その昔、喜多嶋隆の「CFギャングシリーズ」というのを片っ端から読んだ時期があった。
平易な文章で読みやすい娯楽小説だ。
はっきり言って喜多嶋隆は、ちゃらい文章を特徴とするといっても良いかもしれない。
だが、しかめっ面をして読むような小説があまりスキではないボクにとっては、ま、(良い意味での)嗜好品と言ってもよい。

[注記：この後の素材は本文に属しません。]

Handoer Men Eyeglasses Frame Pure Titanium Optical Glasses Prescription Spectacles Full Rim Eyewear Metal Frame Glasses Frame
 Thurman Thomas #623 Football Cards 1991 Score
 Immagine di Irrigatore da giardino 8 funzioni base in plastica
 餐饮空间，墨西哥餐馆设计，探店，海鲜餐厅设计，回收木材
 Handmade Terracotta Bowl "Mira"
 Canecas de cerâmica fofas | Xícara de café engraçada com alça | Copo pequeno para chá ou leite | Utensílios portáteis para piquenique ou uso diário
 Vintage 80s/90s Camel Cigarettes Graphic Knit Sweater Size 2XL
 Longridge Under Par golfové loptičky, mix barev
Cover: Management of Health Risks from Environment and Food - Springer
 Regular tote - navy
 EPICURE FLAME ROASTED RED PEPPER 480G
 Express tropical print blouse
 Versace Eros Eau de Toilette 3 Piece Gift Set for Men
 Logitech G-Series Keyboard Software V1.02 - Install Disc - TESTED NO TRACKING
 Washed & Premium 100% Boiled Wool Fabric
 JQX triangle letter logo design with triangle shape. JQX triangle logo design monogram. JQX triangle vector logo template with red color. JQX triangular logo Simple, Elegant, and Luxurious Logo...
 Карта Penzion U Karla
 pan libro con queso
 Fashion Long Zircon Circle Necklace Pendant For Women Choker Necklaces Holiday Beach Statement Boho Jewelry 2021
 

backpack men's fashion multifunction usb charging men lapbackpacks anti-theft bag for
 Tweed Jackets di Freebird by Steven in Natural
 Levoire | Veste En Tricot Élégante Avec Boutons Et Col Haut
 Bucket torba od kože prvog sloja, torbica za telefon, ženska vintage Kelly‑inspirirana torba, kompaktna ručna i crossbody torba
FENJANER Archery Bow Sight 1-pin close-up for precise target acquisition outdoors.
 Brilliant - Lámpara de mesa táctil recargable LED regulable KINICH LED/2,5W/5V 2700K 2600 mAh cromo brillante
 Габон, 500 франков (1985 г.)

かつて高校、大学の頃、読みあさった、片岡義男に通ずるところがあるかもしれない。
その喜多嶋隆のCFギャングシリーズが少し新しくなって、ぽつぽつと発刊されている。
少し年をとり、以前ほど向こう見ずではなくなった主人公。
微妙に変化している点がおもしろい。
その喜多嶋隆の作品でふと店頭で手にとって買ってあった作品があった。どのシリーズにも属さない作品だ。
「君の愛が、ボクに降りそそいだ」
う~ん、タイトルからしてチャラい・・・・(笑)
週末の新幹線移動で読んでみた。
この作家の作品はいくつかのシリーズを読んでいるが、そのどれともちがう作風だった。
いや、文体は相変わらず、チャラい感じでさらっと読めるのだが、珍しく性的な描写がやけに克明だったりするのだ。
この人の作品では男女の性的関係を直接的に描写するようなシーンは一度として読んだことはなかったが、今回のものはちょっとちがった。
最近の著作のあとがきに必ず書いてあるが、著者が数年前から葉山に移り住み、趣味のつりに興じて居る中から、思いついたシークエンスをメインテーマとした作品だったようだ。
こんな感じの軽い小説がボクは好きだ。
最近はなかなか本を読む時間を作れない(作らない)が、たまには良いものだ。
読まずに積んである、固い本、軟らかい本がたくさんある。
冬場のスキーの合間にポツポツと読むとしよう。